Problem statement: Transcribe exactly the lines from the one containing "Cal Poly Pomona" through the end of the entries, including both the first and the last, and nothing else.

Scraped caption text data:
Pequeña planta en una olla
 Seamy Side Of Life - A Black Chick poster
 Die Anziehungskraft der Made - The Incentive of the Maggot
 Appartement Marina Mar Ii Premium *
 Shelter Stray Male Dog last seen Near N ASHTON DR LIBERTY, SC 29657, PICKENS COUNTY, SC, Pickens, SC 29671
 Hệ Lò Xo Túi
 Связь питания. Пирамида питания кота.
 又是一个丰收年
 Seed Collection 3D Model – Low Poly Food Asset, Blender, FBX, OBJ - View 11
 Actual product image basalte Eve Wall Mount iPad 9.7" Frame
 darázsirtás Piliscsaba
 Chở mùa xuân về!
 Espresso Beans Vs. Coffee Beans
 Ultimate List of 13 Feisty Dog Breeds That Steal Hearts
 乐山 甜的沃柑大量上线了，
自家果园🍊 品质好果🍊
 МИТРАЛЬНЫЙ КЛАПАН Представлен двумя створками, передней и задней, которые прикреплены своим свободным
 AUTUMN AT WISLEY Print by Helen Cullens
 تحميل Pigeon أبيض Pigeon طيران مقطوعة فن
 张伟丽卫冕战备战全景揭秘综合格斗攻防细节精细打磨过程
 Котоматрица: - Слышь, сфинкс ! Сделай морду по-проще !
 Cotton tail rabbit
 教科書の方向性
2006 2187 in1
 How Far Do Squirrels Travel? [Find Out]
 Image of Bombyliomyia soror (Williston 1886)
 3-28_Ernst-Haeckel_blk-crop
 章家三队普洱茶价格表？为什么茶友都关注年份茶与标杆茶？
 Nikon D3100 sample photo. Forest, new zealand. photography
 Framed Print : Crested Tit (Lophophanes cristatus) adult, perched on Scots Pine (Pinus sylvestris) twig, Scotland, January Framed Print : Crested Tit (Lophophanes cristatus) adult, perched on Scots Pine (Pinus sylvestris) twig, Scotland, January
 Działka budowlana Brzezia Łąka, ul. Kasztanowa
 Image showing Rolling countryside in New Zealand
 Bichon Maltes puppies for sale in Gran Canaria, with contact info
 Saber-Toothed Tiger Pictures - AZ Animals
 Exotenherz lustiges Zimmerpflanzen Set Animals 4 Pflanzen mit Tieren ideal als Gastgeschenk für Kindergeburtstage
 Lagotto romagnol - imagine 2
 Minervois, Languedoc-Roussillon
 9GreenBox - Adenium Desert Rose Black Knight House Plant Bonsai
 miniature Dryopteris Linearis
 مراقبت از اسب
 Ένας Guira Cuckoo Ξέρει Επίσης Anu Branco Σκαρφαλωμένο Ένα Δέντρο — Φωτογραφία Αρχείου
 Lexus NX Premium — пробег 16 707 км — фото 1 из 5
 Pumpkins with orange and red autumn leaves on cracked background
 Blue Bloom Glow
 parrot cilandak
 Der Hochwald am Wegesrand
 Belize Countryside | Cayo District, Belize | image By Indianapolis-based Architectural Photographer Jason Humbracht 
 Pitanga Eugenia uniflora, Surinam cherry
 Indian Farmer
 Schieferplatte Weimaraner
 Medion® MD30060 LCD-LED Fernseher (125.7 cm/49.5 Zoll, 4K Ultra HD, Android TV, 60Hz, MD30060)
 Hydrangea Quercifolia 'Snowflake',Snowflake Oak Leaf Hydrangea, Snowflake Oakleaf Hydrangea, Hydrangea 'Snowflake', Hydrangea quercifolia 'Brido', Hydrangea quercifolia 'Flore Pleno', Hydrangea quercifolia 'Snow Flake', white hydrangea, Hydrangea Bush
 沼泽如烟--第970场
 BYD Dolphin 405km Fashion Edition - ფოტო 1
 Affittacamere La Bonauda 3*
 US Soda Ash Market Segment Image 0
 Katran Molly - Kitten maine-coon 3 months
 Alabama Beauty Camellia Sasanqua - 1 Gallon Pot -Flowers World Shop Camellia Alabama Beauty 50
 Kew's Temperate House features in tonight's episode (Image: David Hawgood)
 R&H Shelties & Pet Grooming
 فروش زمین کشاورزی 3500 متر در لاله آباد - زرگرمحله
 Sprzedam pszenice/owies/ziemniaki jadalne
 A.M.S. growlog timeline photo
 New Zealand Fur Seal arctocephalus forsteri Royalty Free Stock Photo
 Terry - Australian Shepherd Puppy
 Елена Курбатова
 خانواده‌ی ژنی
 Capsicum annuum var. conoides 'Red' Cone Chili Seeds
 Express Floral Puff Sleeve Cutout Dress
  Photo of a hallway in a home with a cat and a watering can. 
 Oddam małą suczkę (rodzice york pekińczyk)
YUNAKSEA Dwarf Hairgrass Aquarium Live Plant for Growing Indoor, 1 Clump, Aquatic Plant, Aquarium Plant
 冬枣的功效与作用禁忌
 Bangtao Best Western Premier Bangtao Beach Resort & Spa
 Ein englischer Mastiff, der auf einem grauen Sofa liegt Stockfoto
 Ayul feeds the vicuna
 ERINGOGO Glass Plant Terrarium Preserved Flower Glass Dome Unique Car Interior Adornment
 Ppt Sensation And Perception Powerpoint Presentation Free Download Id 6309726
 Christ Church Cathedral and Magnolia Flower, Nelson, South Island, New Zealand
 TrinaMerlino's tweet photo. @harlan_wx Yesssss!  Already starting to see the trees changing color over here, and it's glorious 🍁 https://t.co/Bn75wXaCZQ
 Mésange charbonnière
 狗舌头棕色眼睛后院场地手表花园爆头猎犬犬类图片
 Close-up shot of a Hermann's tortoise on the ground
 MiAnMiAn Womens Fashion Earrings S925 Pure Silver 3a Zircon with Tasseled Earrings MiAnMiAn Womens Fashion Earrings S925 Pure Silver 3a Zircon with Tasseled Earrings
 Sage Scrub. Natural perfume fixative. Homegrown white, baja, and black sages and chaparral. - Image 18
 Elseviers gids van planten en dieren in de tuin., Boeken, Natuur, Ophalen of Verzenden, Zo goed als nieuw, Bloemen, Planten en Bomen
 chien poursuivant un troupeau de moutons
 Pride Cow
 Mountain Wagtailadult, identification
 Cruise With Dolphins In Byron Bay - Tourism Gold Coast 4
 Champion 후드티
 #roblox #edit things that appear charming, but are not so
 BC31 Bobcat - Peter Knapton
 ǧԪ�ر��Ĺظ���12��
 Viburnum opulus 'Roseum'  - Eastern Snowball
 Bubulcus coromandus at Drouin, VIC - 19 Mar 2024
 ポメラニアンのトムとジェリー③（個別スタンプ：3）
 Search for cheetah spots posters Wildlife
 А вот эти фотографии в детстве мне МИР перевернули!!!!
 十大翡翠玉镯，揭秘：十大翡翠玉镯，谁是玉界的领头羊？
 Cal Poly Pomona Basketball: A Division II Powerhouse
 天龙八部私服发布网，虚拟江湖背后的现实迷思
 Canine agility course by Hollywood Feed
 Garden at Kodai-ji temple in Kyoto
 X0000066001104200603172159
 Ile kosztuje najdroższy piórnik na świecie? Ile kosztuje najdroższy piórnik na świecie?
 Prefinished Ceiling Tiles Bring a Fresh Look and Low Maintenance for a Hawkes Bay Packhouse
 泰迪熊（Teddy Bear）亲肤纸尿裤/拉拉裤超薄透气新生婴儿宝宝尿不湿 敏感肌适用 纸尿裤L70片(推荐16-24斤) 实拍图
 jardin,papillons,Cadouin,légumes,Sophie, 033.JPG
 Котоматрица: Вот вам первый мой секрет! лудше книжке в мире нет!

The completed task:
 Cal Poly Pomona Basketball: A Division II Powerhouse
 天龙八部私服发布网，虚拟江湖背后的现实迷思
 Canine agility course by Hollywood Feed
 Garden at Kodai-ji temple in Kyoto
 X0000066001104200603172159
 Ile kosztuje najdroższy piórnik na świecie? Ile kosztuje najdroższy piórnik na świecie?
 Prefinished Ceiling Tiles Bring a Fresh Look and Low Maintenance for a Hawkes Bay Packhouse
 泰迪熊（Teddy Bear）亲肤纸尿裤/拉拉裤超薄透气新生婴儿宝宝尿不湿 敏感肌适用 纸尿裤L70片(推荐16-24斤) 实拍图
 jardin,papillons,Cadouin,légumes,Sophie, 033.JPG
 Котоматрица: Вот вам первый мой секрет! лудше книжке в мире нет!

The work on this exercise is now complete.